Now I want to analyze the comparison between any two groups,but I found glmLRT (fit, coef = 2) is not equal to the result of the glmLRT (fit, contrast = CONTRASTS [, 'A10hvsA0h']). The code is below:
rm(list=ls())
setwd('H:/qde-2.20191220/DEG/')
library("edgeR")
Counts data generated by featureCounts program
countData <- read.table('qde2_featurecounts',header = TRUE,sep = '\t',row.names = 1)
countData <- countData[,c(6,7,8,9,10,11)]
names(countData) <- c('WT_0h','WT_10h','WT_48h','KO_0h','KO_10h','KO_48h')
head(countData )
WT_0h WT_10h WT_48h KO_0h KO_10h KO_48h
ao0303682 2029 1009 631 972 540 473
ao0309247 4036 1672 1029 2030 825 926
ao0306037 6 1 3 3 2 4
ao0300999 27 53 48 12 34 81
ao0306913 7 5 10 5 3 15
ao0305685 0 1 1 0 2 3
condition <- c(paste('A',c('0h','10h','48h'),sep='_'),paste('Q',c('0h','10h','48h'),sep='_'))
group <- factor(condition,levels=condition)
y <- DGEList(count = countData,group = group)
design <- model.matrix(~0+group)
colnames(design) <- levels(group)
design
A_0h A_10h A_48h Q_0h Q_10h Q_48h
1 1 0 0 0 0 0
2 0 1 0 0 0 0
3 0 0 1 0 0 0
4 0 0 0 1 0 0
5 0 0 0 0 1 0
6 0 0 0 0 0 1
attr(,"assign")
[1] 1 1 1 1 1 1
attr(,"contrasts")
attr(,"contrasts")$group
[1] "contr.treatment"
keep <- rowSums(cpm(y)>1) >=1
y <- y[keep, , keep.lib.sizes=FALSE]
y <- calcNormFactors(y,method = 'TMM')
I have no biological replication, here set dispersion = 0.01
fit <- glmFit(y,dispersion = 0.01)
CONTRASTS <- makeContrasts( A_10hvsA_0h = A_10h-A_0h,
A_48hvsA_0h = A_48h-A_0h,
A_48hvsA_10h = A_48h-A_10h,
Q_0hvsA_0h = Q_0h-A_0h,
Q_10hvsA_10h = (Q_10h-Q_0h)-(A_10h-A_0h),
levels = design )
Compare the DEG of A10h vs. A0h using glmLRT(fit,coef = 2)

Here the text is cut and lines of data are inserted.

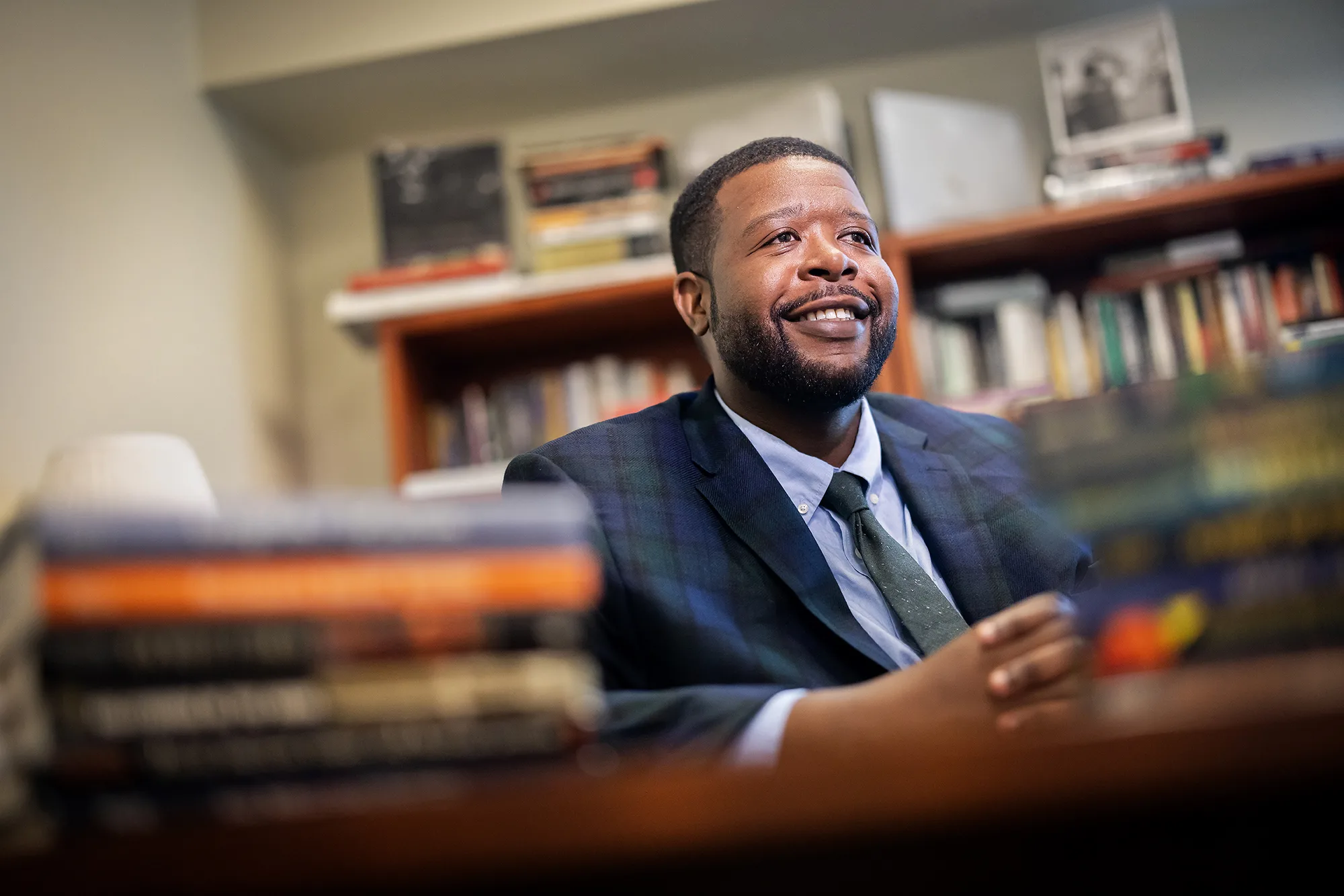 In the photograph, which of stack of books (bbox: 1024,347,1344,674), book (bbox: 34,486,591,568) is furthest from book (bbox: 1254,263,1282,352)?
book (bbox: 34,486,591,568)

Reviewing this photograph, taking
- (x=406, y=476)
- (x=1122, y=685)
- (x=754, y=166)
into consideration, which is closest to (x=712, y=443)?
(x=754, y=166)

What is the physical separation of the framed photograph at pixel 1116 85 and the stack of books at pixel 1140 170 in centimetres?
14

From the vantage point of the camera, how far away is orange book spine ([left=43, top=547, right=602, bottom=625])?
0.46 m

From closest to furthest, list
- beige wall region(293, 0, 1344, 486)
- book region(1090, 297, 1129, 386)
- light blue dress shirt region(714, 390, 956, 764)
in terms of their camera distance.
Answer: light blue dress shirt region(714, 390, 956, 764) → book region(1090, 297, 1129, 386) → beige wall region(293, 0, 1344, 486)

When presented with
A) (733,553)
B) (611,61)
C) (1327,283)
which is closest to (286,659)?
(733,553)

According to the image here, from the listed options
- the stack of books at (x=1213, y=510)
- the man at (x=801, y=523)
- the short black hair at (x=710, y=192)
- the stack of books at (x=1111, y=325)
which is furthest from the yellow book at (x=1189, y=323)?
the stack of books at (x=1213, y=510)

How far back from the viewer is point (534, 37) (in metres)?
2.55

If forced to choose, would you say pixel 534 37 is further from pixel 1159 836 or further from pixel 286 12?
pixel 1159 836

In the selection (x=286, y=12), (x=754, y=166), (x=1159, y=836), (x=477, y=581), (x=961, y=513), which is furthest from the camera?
(x=286, y=12)

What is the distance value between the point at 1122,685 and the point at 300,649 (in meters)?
0.38

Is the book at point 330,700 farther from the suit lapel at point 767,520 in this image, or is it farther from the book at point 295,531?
the suit lapel at point 767,520

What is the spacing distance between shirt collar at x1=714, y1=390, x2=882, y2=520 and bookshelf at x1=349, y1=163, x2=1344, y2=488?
0.92 m

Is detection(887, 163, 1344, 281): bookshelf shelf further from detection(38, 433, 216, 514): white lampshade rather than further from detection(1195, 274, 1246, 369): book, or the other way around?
detection(38, 433, 216, 514): white lampshade

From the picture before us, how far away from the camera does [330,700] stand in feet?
1.50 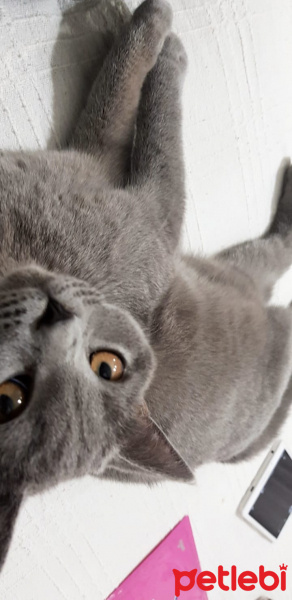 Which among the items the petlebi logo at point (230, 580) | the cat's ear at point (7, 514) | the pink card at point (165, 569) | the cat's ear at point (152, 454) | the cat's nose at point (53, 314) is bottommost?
the petlebi logo at point (230, 580)

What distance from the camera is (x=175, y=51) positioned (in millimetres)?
1136

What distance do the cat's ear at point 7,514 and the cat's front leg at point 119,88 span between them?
0.62 metres

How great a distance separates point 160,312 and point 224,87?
26.8 inches

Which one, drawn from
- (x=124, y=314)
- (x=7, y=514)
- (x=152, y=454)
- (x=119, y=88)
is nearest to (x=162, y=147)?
(x=119, y=88)

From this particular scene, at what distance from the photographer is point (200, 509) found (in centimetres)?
153

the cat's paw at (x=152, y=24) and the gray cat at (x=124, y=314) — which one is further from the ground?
the cat's paw at (x=152, y=24)

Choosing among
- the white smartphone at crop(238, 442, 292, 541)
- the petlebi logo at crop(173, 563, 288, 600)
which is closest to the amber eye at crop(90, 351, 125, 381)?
the petlebi logo at crop(173, 563, 288, 600)

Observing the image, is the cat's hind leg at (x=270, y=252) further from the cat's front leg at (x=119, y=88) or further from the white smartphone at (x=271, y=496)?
the white smartphone at (x=271, y=496)

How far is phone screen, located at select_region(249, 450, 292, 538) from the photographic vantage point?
5.60ft

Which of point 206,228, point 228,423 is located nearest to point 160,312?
point 228,423

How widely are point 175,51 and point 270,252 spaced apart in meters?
0.61

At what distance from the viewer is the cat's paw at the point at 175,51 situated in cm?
112

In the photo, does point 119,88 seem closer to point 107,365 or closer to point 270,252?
point 107,365

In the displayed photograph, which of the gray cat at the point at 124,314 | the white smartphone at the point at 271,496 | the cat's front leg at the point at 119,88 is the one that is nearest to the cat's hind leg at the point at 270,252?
the gray cat at the point at 124,314
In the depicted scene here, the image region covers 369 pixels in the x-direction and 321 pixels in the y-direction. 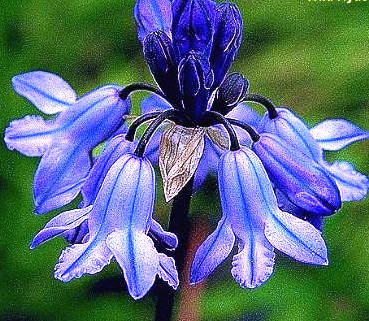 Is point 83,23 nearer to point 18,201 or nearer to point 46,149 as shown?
point 18,201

A_10hvsA_0h_lrt <- glmLRT(fit,coef = 2)
summary(decideTestsDGE(A_10hvsA_0h_lrt))
topTags(A_10hvsA_0h_lrt)
Coefficient: y$samples$groupA_10h
logFC logCPM LR PValue FDR
ao0304393 10.566149 8.693791 939.1435 3.038757e-206 2.925715e-202
ao0301350 9.161787 8.974330 892.9482 3.348226e-196 1.611836e-192
ao0310604 8.813577 9.548651 881.2468 1.171078e-193 3.758378e-190
ao0307037 8.603780 9.590910 871.5692 1.487480e-191 3.580363e-188
ao0303760 8.288286 13.037790 849.7920 8.068355e-187 1.553642e-183
ao0302195 9.754058 7.210731 791.3131 4.176101e-174 6.701250e-171
ao0307297 8.017683 8.931971 780.9519 7.473511e-172 1.027928e-168
ao0308239 7.702823 8.346463 729.2818 1.283395e-160 1.544566e-157
ao0301855 8.243889 7.446494 728.1615 2.248900e-160 2.405823e-157
ao0303286 7.937759 7.459464 718.3401 3.073340e-158 2.959012e-155
Compare the DEG of A10h vs. A0h using glmLRT(fit,contrast = CONTRASTS[,'A10hvsA0h'])
lrt <- glmLRT(fit,contrast = CONTRASTS[,'A_10hvsA_0h'])
summary(decideTestsDGE(lrt))
topTags(lrt)
Coefficient: -1*(Intercept) 1*y$samples$groupA_10h
logFC logCPM LR PValue FDR
ao0304393 30.90727 8.693791 1670.897 0 0
ao0302195 30.47853 7.210731 1604.222 0 0
ao0304617 29.46109 6.001523 1521.929 0 0
ao0301884 28.88430 6.408459 1530.358 0 0
ao0301350 27.47016 8.974330 1581.138 0 0
ao0301855 27.22039 7.446494 1524.158 0 0
ao0303842 26.39358 7.400163 1488.512 0 0
ao0303286 26.37514 7.459464 1498.223 0 0
ao0310604 26.29831 9.548651 1536.513 0 0
ao0307037 25.48104 9.590910 1499.271 0 0
why glmLRT(fit,coef = 2) and glmLRT(fit,contrast = CONTRASTS[,'A10hvsA0h']) produce two different results? the value of logFC is largely different. Actually, I want to use parameter contrast
instead of coef
.
What should I do? Thank you in advance
Thank you for your prompt reply!I now know how to make the two results the same.